EXERCISE AIM
Determine how many lines in the entries below contain "from", and output that number alone.

[Stored entries]
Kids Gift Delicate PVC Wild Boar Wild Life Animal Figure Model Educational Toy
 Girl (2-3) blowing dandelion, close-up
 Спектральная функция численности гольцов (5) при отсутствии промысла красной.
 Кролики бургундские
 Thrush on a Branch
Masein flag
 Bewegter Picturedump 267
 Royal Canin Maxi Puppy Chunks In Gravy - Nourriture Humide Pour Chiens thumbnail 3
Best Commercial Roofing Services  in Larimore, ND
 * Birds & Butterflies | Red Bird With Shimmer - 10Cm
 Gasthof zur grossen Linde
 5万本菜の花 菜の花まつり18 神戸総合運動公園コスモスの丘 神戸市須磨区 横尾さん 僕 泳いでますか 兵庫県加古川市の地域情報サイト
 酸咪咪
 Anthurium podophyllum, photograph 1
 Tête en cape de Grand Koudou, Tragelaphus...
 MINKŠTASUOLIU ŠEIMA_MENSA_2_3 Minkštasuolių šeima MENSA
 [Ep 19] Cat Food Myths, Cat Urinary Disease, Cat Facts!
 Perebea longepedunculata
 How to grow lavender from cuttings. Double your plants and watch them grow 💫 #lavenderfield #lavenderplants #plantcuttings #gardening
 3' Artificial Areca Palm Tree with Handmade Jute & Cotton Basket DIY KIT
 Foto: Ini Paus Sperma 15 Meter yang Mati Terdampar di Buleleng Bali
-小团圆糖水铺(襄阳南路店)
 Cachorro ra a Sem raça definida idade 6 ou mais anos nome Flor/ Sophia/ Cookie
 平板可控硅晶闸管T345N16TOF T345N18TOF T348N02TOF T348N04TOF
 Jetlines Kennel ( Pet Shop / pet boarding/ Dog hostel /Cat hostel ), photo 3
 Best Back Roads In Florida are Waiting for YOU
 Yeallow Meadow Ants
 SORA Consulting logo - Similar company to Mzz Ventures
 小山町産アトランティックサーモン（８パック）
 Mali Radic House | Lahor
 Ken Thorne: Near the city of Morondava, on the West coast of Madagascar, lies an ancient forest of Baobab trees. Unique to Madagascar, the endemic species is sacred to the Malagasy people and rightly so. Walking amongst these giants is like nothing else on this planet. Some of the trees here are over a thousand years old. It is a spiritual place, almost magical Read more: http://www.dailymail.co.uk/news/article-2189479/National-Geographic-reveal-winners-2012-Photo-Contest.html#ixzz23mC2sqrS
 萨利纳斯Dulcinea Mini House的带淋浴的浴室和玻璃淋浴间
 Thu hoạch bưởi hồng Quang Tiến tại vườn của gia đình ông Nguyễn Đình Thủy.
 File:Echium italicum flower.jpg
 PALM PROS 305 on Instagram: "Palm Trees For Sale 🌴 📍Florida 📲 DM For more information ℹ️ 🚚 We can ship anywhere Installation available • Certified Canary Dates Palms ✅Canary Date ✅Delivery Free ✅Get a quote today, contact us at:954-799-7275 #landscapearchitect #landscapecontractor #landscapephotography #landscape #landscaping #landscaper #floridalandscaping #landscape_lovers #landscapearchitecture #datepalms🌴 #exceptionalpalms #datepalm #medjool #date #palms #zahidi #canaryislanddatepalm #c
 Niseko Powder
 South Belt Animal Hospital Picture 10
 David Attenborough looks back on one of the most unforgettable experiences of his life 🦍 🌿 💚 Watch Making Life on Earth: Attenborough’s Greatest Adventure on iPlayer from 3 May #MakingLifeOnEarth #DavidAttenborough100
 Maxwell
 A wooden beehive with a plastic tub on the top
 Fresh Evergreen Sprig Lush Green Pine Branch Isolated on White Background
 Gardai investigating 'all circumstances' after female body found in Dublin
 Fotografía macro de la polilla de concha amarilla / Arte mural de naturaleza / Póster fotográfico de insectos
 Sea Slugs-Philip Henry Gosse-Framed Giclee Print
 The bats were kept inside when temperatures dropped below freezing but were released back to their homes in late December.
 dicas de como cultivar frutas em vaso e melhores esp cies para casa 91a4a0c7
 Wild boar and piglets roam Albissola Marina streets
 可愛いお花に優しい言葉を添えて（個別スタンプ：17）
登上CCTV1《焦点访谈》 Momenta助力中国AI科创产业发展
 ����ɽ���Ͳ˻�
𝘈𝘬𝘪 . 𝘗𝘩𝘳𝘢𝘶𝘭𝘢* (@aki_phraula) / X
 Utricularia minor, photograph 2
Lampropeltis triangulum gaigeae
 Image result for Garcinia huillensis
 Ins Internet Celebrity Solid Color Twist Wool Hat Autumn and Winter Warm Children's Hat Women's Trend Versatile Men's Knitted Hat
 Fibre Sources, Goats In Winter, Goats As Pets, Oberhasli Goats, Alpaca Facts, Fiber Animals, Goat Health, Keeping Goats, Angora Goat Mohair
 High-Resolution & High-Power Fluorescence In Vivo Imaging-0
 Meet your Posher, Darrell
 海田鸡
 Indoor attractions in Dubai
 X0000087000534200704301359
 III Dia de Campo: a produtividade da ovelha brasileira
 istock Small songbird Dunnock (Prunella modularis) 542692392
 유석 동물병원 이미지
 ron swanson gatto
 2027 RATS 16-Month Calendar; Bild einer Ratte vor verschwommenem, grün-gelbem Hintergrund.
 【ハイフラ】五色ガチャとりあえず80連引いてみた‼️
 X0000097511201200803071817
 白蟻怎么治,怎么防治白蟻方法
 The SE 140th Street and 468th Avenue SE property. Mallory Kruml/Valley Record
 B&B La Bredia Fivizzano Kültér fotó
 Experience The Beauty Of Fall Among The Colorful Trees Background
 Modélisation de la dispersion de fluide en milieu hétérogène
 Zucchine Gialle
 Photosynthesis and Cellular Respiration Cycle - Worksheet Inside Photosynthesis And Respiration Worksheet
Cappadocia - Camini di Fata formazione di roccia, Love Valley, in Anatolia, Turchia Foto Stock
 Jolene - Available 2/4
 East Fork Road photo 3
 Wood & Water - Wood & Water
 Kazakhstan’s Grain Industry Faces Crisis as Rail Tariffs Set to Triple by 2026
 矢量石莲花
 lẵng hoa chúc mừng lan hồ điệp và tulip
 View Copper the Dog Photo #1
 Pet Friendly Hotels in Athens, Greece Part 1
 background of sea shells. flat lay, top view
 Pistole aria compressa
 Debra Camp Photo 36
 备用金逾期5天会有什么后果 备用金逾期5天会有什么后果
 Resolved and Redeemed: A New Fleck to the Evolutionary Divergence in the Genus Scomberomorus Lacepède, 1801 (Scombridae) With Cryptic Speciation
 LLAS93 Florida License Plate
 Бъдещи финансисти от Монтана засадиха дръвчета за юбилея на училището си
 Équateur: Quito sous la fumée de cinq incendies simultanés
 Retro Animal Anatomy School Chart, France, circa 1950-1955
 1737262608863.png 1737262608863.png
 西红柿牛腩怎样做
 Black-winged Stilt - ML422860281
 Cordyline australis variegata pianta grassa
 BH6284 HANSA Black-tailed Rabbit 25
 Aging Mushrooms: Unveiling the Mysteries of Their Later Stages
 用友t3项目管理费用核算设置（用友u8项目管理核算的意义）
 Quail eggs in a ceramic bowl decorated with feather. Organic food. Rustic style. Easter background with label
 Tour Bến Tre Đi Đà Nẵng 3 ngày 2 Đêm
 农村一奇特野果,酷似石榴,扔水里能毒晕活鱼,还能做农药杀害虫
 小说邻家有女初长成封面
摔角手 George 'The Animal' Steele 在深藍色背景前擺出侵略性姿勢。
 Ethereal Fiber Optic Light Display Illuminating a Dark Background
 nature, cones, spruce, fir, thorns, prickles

SOLUTION FOR THIS TASK
2